Short web captions:
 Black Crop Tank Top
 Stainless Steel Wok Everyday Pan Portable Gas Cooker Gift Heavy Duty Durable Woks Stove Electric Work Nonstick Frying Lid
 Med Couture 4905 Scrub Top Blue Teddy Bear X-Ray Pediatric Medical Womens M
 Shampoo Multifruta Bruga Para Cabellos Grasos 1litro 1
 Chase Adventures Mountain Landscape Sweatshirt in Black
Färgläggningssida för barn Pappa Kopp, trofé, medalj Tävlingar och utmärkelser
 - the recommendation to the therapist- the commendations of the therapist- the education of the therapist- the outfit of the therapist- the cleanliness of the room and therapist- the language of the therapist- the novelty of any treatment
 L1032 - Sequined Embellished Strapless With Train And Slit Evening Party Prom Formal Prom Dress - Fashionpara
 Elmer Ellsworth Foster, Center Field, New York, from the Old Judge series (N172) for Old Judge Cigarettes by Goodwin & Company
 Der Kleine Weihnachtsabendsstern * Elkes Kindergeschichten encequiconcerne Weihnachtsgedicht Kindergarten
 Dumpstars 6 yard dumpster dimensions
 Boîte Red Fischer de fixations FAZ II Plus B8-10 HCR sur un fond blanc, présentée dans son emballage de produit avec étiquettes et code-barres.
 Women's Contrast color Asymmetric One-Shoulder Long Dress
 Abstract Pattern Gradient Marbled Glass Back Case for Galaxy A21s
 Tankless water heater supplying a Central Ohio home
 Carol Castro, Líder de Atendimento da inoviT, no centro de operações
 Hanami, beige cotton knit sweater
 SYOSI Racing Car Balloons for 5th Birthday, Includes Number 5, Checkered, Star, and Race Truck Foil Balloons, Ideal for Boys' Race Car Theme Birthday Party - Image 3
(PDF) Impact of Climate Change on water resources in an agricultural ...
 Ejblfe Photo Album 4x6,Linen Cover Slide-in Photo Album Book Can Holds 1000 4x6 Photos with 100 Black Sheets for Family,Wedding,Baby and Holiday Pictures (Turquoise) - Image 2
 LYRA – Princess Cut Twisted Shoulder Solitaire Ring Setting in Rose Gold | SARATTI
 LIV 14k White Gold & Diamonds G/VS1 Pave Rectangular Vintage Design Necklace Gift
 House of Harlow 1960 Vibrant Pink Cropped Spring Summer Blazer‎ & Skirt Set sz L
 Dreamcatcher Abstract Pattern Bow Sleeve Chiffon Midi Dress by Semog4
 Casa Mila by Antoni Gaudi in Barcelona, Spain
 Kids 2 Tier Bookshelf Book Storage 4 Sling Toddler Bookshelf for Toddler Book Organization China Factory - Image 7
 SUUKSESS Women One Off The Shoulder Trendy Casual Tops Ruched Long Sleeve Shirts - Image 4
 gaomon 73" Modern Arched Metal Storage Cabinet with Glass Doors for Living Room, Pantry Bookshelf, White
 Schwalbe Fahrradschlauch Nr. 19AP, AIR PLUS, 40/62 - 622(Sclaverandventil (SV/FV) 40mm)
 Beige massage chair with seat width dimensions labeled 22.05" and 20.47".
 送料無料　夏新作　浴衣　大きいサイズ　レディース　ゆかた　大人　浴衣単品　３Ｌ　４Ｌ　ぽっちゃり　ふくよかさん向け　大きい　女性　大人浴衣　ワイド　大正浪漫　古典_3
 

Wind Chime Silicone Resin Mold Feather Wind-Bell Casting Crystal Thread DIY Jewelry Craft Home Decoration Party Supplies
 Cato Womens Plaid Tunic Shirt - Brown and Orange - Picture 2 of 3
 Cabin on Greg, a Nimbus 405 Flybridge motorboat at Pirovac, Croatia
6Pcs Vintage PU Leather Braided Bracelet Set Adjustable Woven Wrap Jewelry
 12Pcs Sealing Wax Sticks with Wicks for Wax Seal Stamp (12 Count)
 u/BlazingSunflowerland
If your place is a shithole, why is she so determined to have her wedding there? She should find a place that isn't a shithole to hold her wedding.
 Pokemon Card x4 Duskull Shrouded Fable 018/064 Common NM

◆ **Problem to solve**
Above are some lines. Repeat exactly, and only, those from the line that has "Carol Castro, Líder" through the line that has "Kids 2 Tier".

◆ **Answer to this problem**
 Carol Castro, Líder de Atendimento da inoviT, no centro de operações
 Hanami, beige cotton knit sweater
 SYOSI Racing Car Balloons for 5th Birthday, Includes Number 5, Checkered, Star, and Race Truck Foil Balloons, Ideal for Boys' Race Car Theme Birthday Party - Image 3
(PDF) Impact of Climate Change on water resources in an agricultural ...
 Ejblfe Photo Album 4x6,Linen Cover Slide-in Photo Album Book Can Holds 1000 4x6 Photos with 100 Black Sheets for Family,Wedding,Baby and Holiday Pictures (Turquoise) - Image 2
 LYRA – Princess Cut Twisted Shoulder Solitaire Ring Setting in Rose Gold | SARATTI
 LIV 14k White Gold & Diamonds G/VS1 Pave Rectangular Vintage Design Necklace Gift
 House of Harlow 1960 Vibrant Pink Cropped Spring Summer Blazer‎ & Skirt Set sz L
 Dreamcatcher Abstract Pattern Bow Sleeve Chiffon Midi Dress by Semog4
 Casa Mila by Antoni Gaudi in Barcelona, Spain
 Kids 2 Tier Bookshelf Book Storage 4 Sling Toddler Bookshelf for Toddler Book Organization China Factory - Image 7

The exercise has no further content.